===== MATERIAL FOR THIS EXERCISE
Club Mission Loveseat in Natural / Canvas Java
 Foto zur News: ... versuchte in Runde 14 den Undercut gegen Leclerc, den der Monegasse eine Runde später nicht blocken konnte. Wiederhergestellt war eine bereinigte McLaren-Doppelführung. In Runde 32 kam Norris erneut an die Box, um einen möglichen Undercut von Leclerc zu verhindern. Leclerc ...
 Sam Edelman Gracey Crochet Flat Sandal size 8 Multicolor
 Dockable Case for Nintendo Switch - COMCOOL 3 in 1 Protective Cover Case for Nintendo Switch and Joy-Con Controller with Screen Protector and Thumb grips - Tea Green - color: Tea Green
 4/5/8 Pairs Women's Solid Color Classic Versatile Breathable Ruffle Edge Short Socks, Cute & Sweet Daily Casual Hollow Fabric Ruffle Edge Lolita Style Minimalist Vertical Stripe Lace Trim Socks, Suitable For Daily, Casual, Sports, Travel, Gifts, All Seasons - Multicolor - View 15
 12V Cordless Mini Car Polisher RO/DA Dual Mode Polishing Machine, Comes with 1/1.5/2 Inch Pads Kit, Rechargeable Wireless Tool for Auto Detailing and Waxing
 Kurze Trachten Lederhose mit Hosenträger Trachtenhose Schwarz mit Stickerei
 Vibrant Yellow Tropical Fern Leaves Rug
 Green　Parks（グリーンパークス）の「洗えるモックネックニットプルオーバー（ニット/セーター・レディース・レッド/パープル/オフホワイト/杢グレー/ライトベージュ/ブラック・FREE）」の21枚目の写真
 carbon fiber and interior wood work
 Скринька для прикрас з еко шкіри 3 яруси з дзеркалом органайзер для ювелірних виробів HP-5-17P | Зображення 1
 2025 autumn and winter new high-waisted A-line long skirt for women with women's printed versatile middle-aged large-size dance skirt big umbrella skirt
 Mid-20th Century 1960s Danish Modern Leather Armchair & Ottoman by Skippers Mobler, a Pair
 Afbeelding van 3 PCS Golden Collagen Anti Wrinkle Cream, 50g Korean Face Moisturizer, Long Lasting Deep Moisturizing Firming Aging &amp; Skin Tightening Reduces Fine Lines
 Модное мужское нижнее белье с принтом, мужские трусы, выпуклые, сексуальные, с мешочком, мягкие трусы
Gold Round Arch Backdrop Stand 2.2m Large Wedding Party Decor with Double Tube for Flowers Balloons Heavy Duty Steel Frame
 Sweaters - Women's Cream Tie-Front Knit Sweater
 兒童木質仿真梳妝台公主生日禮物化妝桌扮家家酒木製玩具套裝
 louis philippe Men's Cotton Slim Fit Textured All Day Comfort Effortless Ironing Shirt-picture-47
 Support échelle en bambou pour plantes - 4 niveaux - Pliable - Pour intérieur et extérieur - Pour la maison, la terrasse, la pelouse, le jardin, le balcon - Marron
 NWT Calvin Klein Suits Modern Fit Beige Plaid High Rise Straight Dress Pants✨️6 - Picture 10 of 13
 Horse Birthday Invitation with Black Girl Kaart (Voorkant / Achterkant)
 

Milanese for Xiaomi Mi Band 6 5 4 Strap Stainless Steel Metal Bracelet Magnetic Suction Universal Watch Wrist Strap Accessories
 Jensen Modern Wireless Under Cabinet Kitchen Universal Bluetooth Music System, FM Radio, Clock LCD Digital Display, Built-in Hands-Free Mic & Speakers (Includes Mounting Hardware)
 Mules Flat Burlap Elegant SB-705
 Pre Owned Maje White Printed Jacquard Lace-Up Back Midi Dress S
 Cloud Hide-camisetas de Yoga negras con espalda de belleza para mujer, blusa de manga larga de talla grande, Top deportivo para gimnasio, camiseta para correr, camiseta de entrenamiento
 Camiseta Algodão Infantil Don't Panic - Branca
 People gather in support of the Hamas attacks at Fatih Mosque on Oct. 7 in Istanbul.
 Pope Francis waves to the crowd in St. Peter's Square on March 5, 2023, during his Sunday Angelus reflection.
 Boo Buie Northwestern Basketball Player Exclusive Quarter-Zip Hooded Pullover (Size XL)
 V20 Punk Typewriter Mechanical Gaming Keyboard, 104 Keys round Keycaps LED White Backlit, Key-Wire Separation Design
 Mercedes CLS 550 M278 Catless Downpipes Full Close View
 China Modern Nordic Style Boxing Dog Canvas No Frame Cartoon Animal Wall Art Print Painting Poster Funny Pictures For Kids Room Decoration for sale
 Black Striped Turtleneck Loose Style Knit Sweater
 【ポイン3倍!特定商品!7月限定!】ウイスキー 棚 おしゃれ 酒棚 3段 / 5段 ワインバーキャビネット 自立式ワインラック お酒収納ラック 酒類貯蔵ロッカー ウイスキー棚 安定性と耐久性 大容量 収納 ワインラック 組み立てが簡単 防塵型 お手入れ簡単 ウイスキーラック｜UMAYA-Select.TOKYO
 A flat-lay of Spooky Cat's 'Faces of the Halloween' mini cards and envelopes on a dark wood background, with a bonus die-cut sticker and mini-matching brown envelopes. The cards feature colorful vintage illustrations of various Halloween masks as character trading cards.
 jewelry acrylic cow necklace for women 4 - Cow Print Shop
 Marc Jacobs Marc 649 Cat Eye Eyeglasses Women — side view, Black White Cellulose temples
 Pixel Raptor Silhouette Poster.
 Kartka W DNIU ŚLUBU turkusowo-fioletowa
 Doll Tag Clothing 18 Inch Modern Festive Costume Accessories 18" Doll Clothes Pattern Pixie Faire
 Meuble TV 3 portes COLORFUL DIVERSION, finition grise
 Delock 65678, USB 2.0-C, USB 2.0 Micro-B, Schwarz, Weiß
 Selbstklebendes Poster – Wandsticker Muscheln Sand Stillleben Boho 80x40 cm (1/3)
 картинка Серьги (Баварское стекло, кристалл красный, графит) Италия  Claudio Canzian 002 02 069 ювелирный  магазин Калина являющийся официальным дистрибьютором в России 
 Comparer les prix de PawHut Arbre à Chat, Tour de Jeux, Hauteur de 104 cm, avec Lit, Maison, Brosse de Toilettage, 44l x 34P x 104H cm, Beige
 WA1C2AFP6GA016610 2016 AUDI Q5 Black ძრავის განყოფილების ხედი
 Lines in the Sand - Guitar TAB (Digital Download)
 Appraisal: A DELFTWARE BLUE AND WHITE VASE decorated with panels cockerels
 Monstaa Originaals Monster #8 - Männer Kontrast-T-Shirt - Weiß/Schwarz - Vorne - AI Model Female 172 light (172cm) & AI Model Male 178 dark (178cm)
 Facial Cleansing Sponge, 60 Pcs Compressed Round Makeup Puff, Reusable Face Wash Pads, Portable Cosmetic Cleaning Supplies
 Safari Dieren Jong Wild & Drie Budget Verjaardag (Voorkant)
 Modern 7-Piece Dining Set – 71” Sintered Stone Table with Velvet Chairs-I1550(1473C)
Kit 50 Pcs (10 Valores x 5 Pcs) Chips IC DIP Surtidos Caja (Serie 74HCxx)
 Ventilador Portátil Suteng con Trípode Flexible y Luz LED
==========
**EXERCISE BRIEF**
Copy out the whole listing, exactly as written.

**ANSWER SECTION**
Club Mission Loveseat in Natural / Canvas Java
 Foto zur News: ... versuchte in Runde 14 den Undercut gegen Leclerc, den der Monegasse eine Runde später nicht blocken konnte. Wiederhergestellt war eine bereinigte McLaren-Doppelführung. In Runde 32 kam Norris erneut an die Box, um einen möglichen Undercut von Leclerc zu verhindern. Leclerc ...
 Sam Edelman Gracey Crochet Flat Sandal size 8 Multicolor
 Dockable Case for Nintendo Switch - COMCOOL 3 in 1 Protective Cover Case for Nintendo Switch and Joy-Con Controller with Screen Protector and Thumb grips - Tea Green - color: Tea Green
 4/5/8 Pairs Women's Solid Color Classic Versatile Breathable Ruffle Edge Short Socks, Cute & Sweet Daily Casual Hollow Fabric Ruffle Edge Lolita Style Minimalist Vertical Stripe Lace Trim Socks, Suitable For Daily, Casual, Sports, Travel, Gifts, All Seasons - Multicolor - View 15
 12V Cordless Mini Car Polisher RO/DA Dual Mode Polishing Machine, Comes with 1/1.5/2 Inch Pads Kit, Rechargeable Wireless Tool for Auto Detailing and Waxing
 Kurze Trachten Lederhose mit Hosenträger Trachtenhose Schwarz mit Stickerei
 Vibrant Yellow Tropical Fern Leaves Rug
 Green　Parks（グリーンパークス）の「洗えるモックネックニットプルオーバー（ニット/セーター・レディース・レッド/パープル/オフホワイト/杢グレー/ライトベージュ/ブラック・FREE）」の21枚目の写真
 carbon fiber and interior wood work
 Скринька для прикрас з еко шкіри 3 яруси з дзеркалом органайзер для ювелірних виробів HP-5-17P | Зображення 1
 2025 autumn and winter new high-waisted A-line long skirt for women with women's printed versatile middle-aged large-size dance skirt big umbrella skirt
 Mid-20th Century 1960s Danish Modern Leather Armchair & Ottoman by Skippers Mobler, a Pair
 Afbeelding van 3 PCS Golden Collagen Anti Wrinkle Cream, 50g Korean Face Moisturizer, Long Lasting Deep Moisturizing Firming Aging &amp; Skin Tightening Reduces Fine Lines
 Модное мужское нижнее белье с принтом, мужские трусы, выпуклые, сексуальные, с мешочком, мягкие трусы
Gold Round Arch Backdrop Stand 2.2m Large Wedding Party Decor with Double Tube for Flowers Balloons Heavy Duty Steel Frame
 Sweaters - Women's Cream Tie-Front Knit Sweater
 兒童木質仿真梳妝台公主生日禮物化妝桌扮家家酒木製玩具套裝
 louis philippe Men's Cotton Slim Fit Textured All Day Comfort Effortless Ironing Shirt-picture-47
 Support échelle en bambou pour plantes - 4 niveaux - Pliable - Pour intérieur et extérieur - Pour la maison, la terrasse, la pelouse, le jardin, le balcon - Marron
 NWT Calvin Klein Suits Modern Fit Beige Plaid High Rise Straight Dress Pants✨️6 - Picture 10 of 13
 Horse Birthday Invitation with Black Girl Kaart (Voorkant / Achterkant)
 

Milanese for Xiaomi Mi Band 6 5 4 Strap Stainless Steel Metal Bracelet Magnetic Suction Universal Watch Wrist Strap Accessories
 Jensen Modern Wireless Under Cabinet Kitchen Universal Bluetooth Music System, FM Radio, Clock LCD Digital Display, Built-in Hands-Free Mic & Speakers (Includes Mounting Hardware)
 Mules Flat Burlap Elegant SB-705
 Pre Owned Maje White Printed Jacquard Lace-Up Back Midi Dress S
 Cloud Hide-camisetas de Yoga negras con espalda de belleza para mujer, blusa de manga larga de talla grande, Top deportivo para gimnasio, camiseta para correr, camiseta de entrenamiento
 Camiseta Algodão Infantil Don't Panic - Branca
 People gather in support of the Hamas attacks at Fatih Mosque on Oct. 7 in Istanbul.
 Pope Francis waves to the crowd in St. Peter's Square on March 5, 2023, during his Sunday Angelus reflection.
 Boo Buie Northwestern Basketball Player Exclusive Quarter-Zip Hooded Pullover (Size XL)
 V20 Punk Typewriter Mechanical Gaming Keyboard, 104 Keys round Keycaps LED White Backlit, Key-Wire Separation Design
 Mercedes CLS 550 M278 Catless Downpipes Full Close View
 China Modern Nordic Style Boxing Dog Canvas No Frame Cartoon Animal Wall Art Print Painting Poster Funny Pictures For Kids Room Decoration for sale
 Black Striped Turtleneck Loose Style Knit Sweater
 【ポイン3倍!特定商品!7月限定!】ウイスキー 棚 おしゃれ 酒棚 3段 / 5段 ワインバーキャビネット 自立式ワインラック お酒収納ラック 酒類貯蔵ロッカー ウイスキー棚 安定性と耐久性 大容量 収納 ワインラック 組み立てが簡単 防塵型 お手入れ簡単 ウイスキーラック｜UMAYA-Select.TOKYO
 A flat-lay of Spooky Cat's 'Faces of the Halloween' mini cards and envelopes on a dark wood background, with a bonus die-cut sticker and mini-matching brown envelopes. The cards feature colorful vintage illustrations of various Halloween masks as character trading cards.
 jewelry acrylic cow necklace for women 4 - Cow Print Shop
 Marc Jacobs Marc 649 Cat Eye Eyeglasses Women — side view, Black White Cellulose temples
 Pixel Raptor Silhouette Poster.
 Kartka W DNIU ŚLUBU turkusowo-fioletowa
 Doll Tag Clothing 18 Inch Modern Festive Costume Accessories 18" Doll Clothes Pattern Pixie Faire
 Meuble TV 3 portes COLORFUL DIVERSION, finition grise
 Delock 65678, USB 2.0-C, USB 2.0 Micro-B, Schwarz, Weiß
 Selbstklebendes Poster – Wandsticker Muscheln Sand Stillleben Boho 80x40 cm (1/3)
 картинка Серьги (Баварское стекло, кристалл красный, графит) Италия  Claudio Canzian 002 02 069 ювелирный  магазин Калина являющийся официальным дистрибьютором в России 
 Comparer les prix de PawHut Arbre à Chat, Tour de Jeux, Hauteur de 104 cm, avec Lit, Maison, Brosse de Toilettage, 44l x 34P x 104H cm, Beige
 WA1C2AFP6GA016610 2016 AUDI Q5 Black ძრავის განყოფილების ხედი
 Lines in the Sand - Guitar TAB (Digital Download)
 Appraisal: A DELFTWARE BLUE AND WHITE VASE decorated with panels cockerels
 Monstaa Originaals Monster #8 - Männer Kontrast-T-Shirt - Weiß/Schwarz - Vorne - AI Model Female 172 light (172cm) & AI Model Male 178 dark (178cm)
 Facial Cleansing Sponge, 60 Pcs Compressed Round Makeup Puff, Reusable Face Wash Pads, Portable Cosmetic Cleaning Supplies
 Safari Dieren Jong Wild & Drie Budget Verjaardag (Voorkant)
 Modern 7-Piece Dining Set – 71” Sintered Stone Table with Velvet Chairs-I1550(1473C)
Kit 50 Pcs (10 Valores x 5 Pcs) Chips IC DIP Surtidos Caja (Serie 74HCxx)
 Ventilador Portátil Suteng con Trípode Flexible y Luz LED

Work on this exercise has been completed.